Aiding the maximum effect of his athleticism, Okpala also plays very hard. Observers can often find him busting his tail to resecure a possession, lay out and try to make a play, or pursue a loose ball.
With his size and versatility especially, Okpala could actually be the best defender on this Kings team.
So Brown probably wasn’t exaggerating saying what he said. In fact, the coach has probably never been so on point, especially when he alluded to the fact Okpala needs to figure “some things out” so he can have “consistent minutes on the floor.”
That definitely centers around the offensive end.
Now, to be clear, Okpala is not necessarily an offensive liability. That athleticism, hops, and length can help him on that end, too. In regards to cutting, running the floor, completing an alley-oop, and being active on the offensive glass, he can be a useful asset for his team.
It would be fair to say he’s a benefit only when the ball’s in somebody else’s hands, but it should also be noted that Okpala can be used in the pick and roll game since he has some skill and touch on top of his height. Plus, he’s shown glimpses of getting to the rim on his own, though he still needs considerable work before anyone thinks about relying on him for that.
But as everyone knows, there’s a component that can make or break anyone’s chances to carve out a role in the NBA: three-point shooting.
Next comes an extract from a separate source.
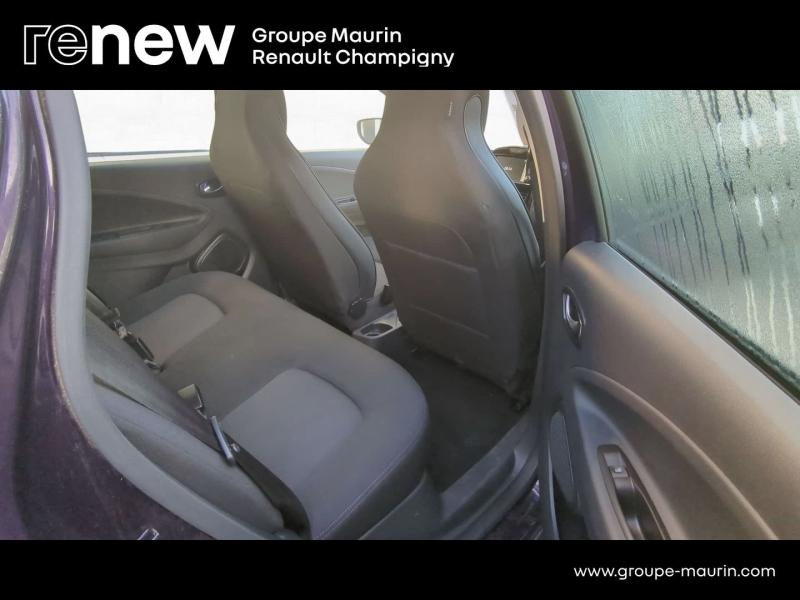 Photo 18 de l’annonce de RENAULT Zoe d’occasion à vendre à CHAMPIGNY-SUR-MARNE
That’s where the most work is required.
After shooting 33.6% in college, Okpala is shooting 27.3% (21-77) from deep through three seasons in the NBA. Notably, he did have his best shooting season this past year, hitting 34.6% of his looks from beyond the arc for the Heat.
It may not be viewed as a strength at this point, but if Okpala can make some improvements and increase the efficiency of his three-point shooting, he could be a surprising asset.
While the three-point ability is not convincing at this point, this could be the year Okpala makes the necessary strides.
Since being drafted, it’s been a road of uncontrollable bumps. Most people hear that and think injuries, and while that played a tiny part, the big thing was even more distant from Okpala’s hands.
After being drafted in 2019, he was traded, and the deal was executed at a time that prevented the then-rookie out of Stanford from participating in the Summer League. He then also was forced to deal with an achilles strain. For the following season, Summer League was shelved altogether due to the pandemic. And by the time he finally got to see his first summer action last year, he looked horrible.
Some beat writers came to his defense at the time, saying he was being misused and forced to be a three-point shooter.
They may have had a point, but there is a reality in the NBA that prioritizes the ability to shoot. If defenses can leave you on a long leash, that’s a detriment for the whole offense.
Regardless of what his strengths are, three-point shooting will have to be demonstrated. If he can do that, then Okpala has a huge upper hand in regards to many of the other aspects of the game. With his defense and athleticism, if he can somehow find a way to be a shooting threat–at least when open–he could make the case to see the floor more than Chimezie Metu, while giving vets like Trey Lyles and Kent Bazemore a run for their money as well.
But he’s got a lot of work to do before that happens.
Perhaps having a better feel for the typical offseason process could help him hit the ground running. Either way, he’ll have to show that progression in order to get a spot on the roster because Moneke and Merrill are trying to do the same.